(Pictures with short captions)

*** Block opens ***

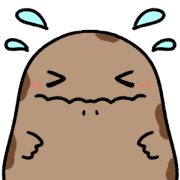 025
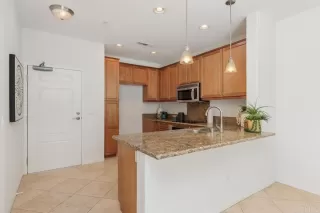 Photo #6: NDP2305726 Listing 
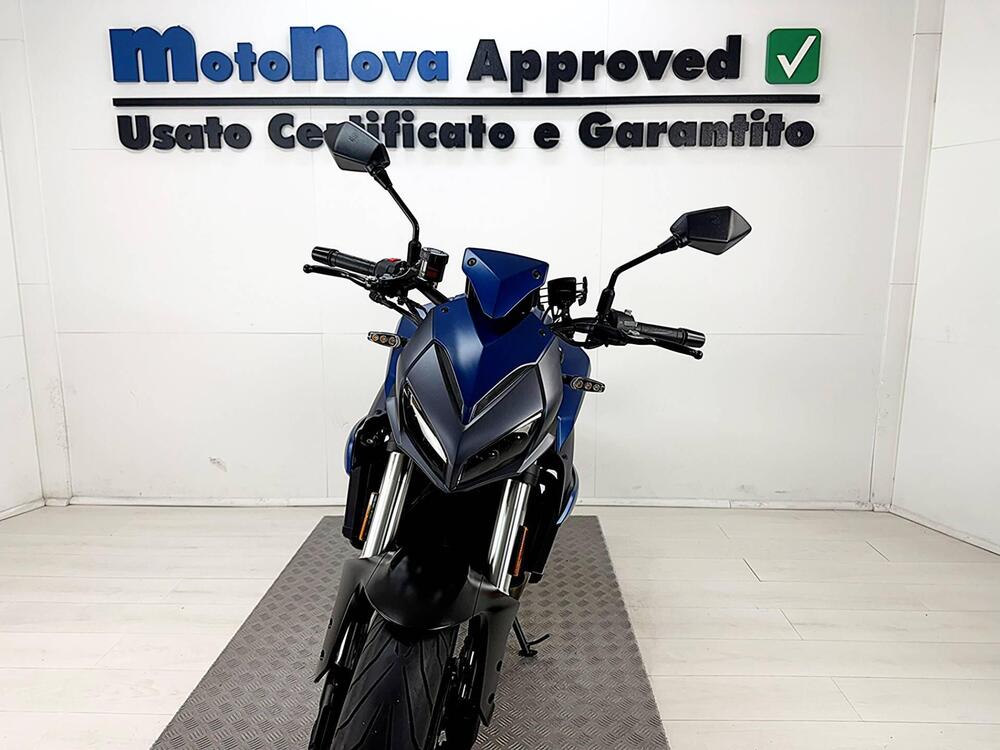 QJ Motor SRK 700 (2023 - 25) (2)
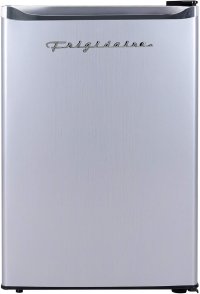 Frigidaire EFR285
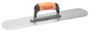 Load image into Gallery viewer, Flextool Marble Sheen ProSoft Grip
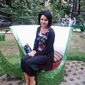 Елена  Владимировна фото №758914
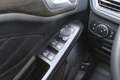 Ford Focus 1.5 ECOBOOST AUT. VIGNALE | ADAP. CRUISE | LANE AS Zwart - thumbnail 31
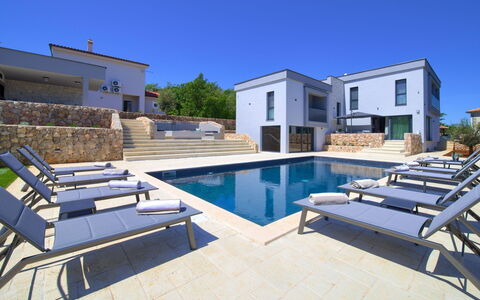 Miryam
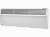 Конвектор электрический Electrolux Air Plinth ECH/AG-1500 PE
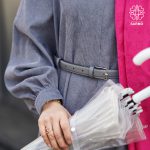 عبا حلما - Image 15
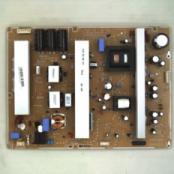 Samsung BN44-00274B PC Board-Power Supply; 50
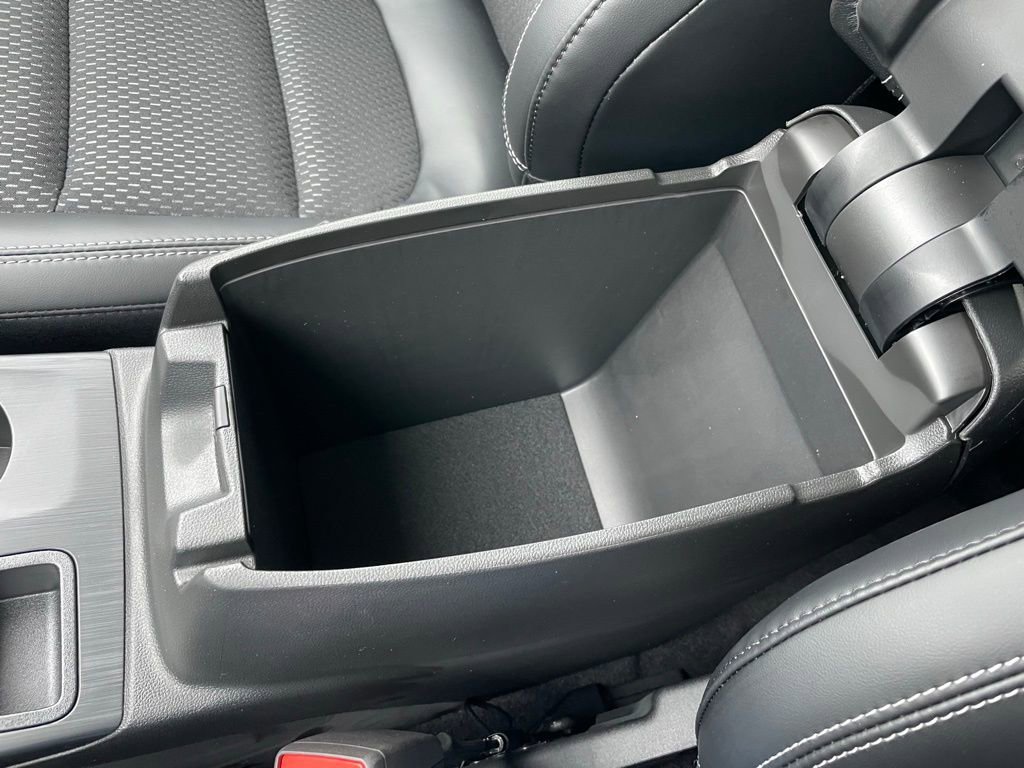 New 2026 Ford Escape SE image 53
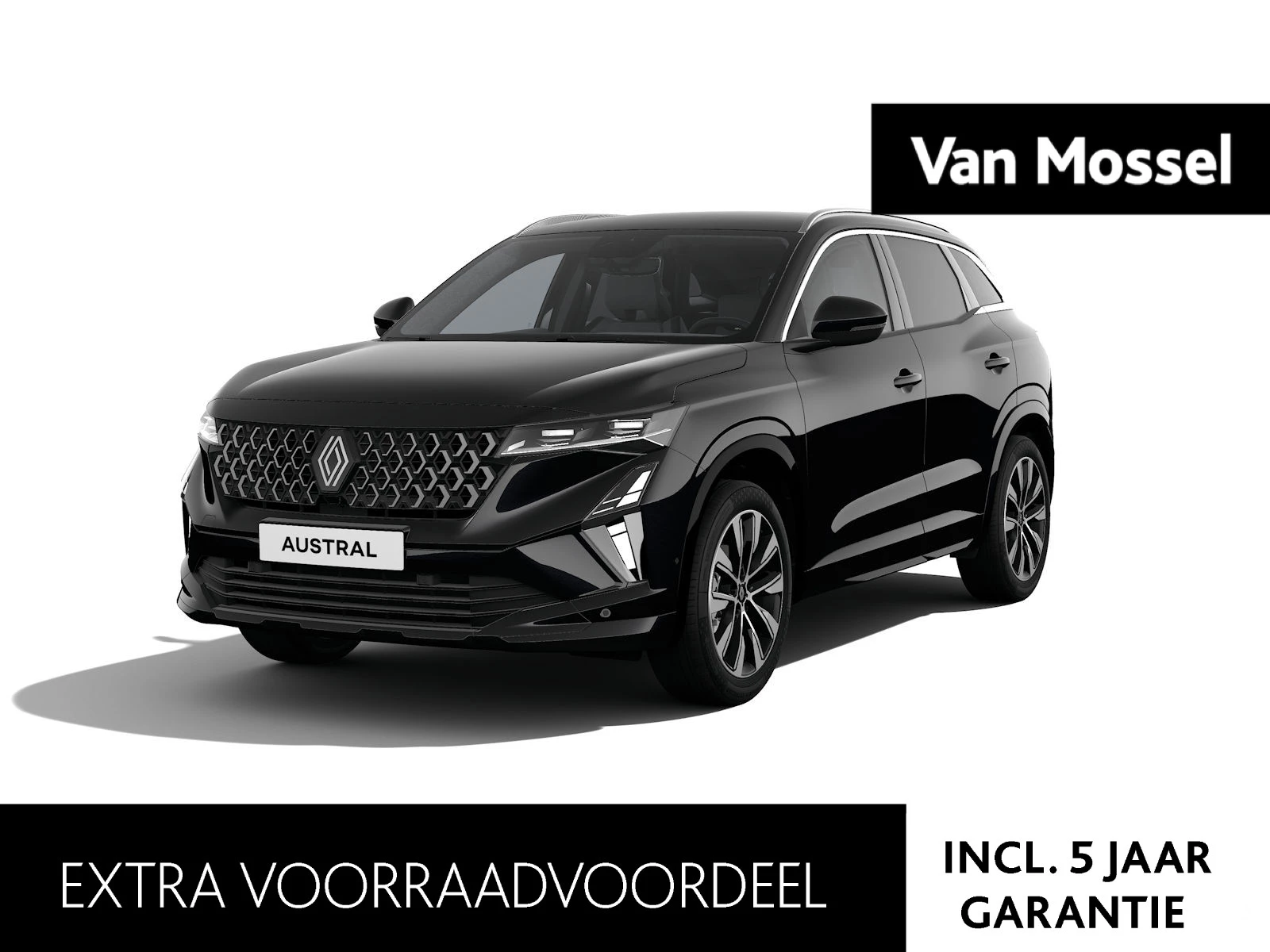 Renault-Austral-image-0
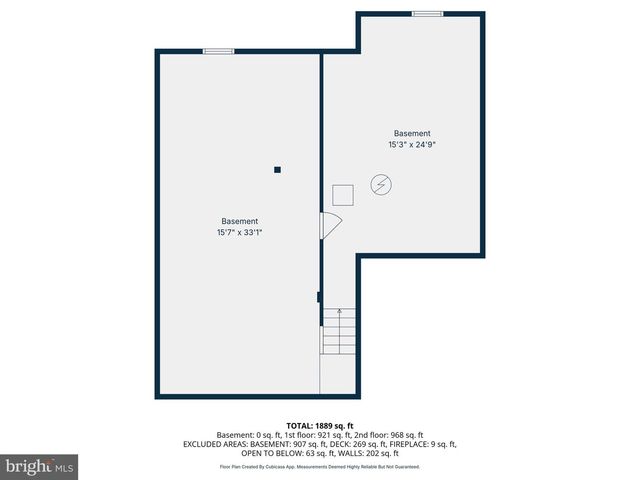 5661 ASSATEAGUE PL, Manassas, VA 20112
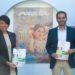 Las actividades deportivas con motivo de la Feria de San Bernabé reunirán a más de 800 participantes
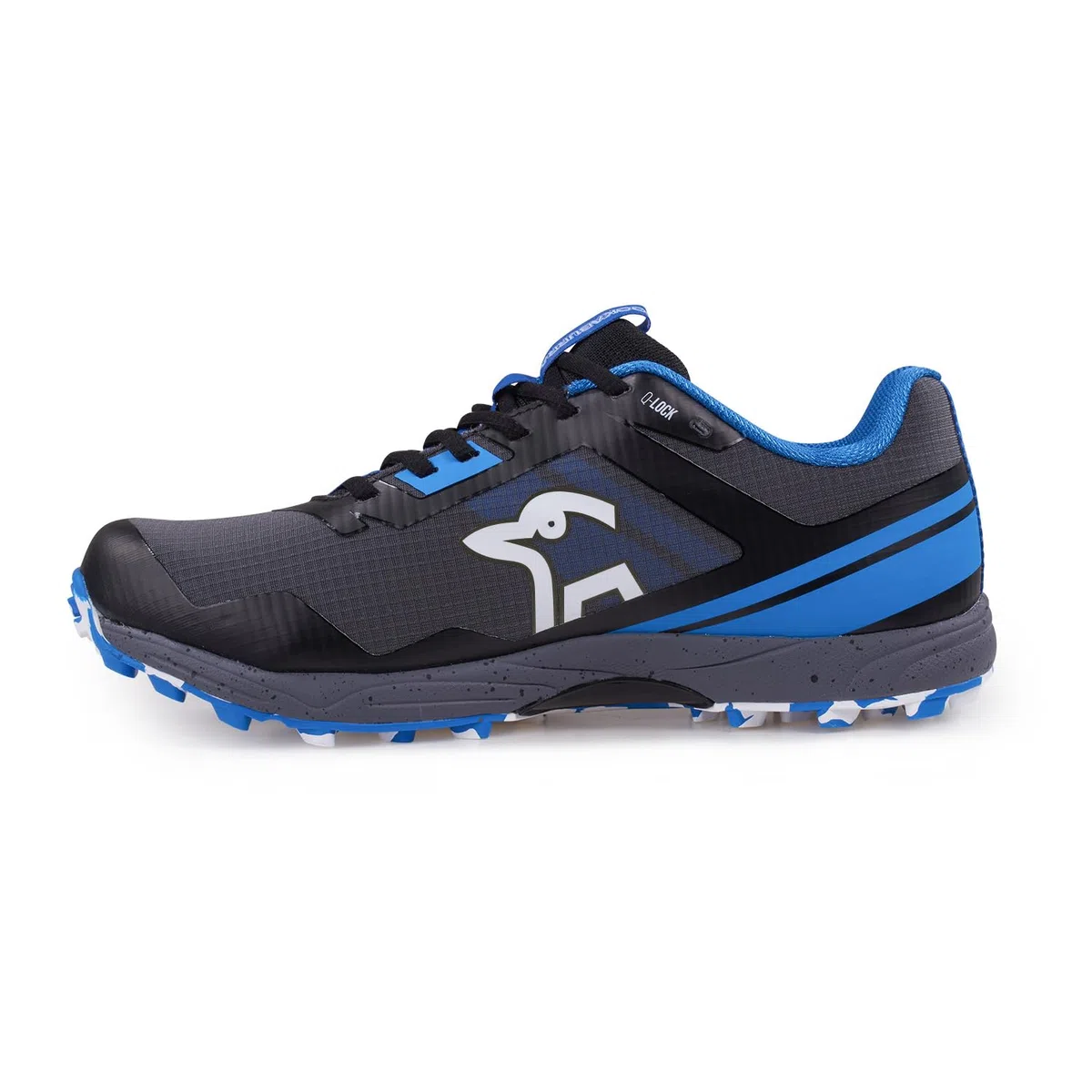 Kookaburra Pulse Hockeyschuh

*** Block closes ***

| Your objective |
Set down all of the entries exactly as they stand, without any image.

| Answer space |
 025
 Photo #6: NDP2305726 Listing 
 QJ Motor SRK 700 (2023 - 25) (2)
 Frigidaire EFR285
 Load image into Gallery viewer, Flextool Marble Sheen ProSoft Grip
 Елена  Владимировна фото №758914
 Ford Focus 1.5 ECOBOOST AUT. VIGNALE | ADAP. CRUISE | LANE AS Zwart - thumbnail 31
 Miryam
 Конвектор электрический Electrolux Air Plinth ECH/AG-1500 PE
 عبا حلما - Image 15
 Samsung BN44-00274B PC Board-Power Supply; 50
 New 2026 Ford Escape SE image 53
 Renault-Austral-image-0
 5661 ASSATEAGUE PL, Manassas, VA 20112
 Las actividades deportivas con motivo de la Feria de San Bernabé reunirán a más de 800 participantes
 Kookaburra Pulse Hockeyschuh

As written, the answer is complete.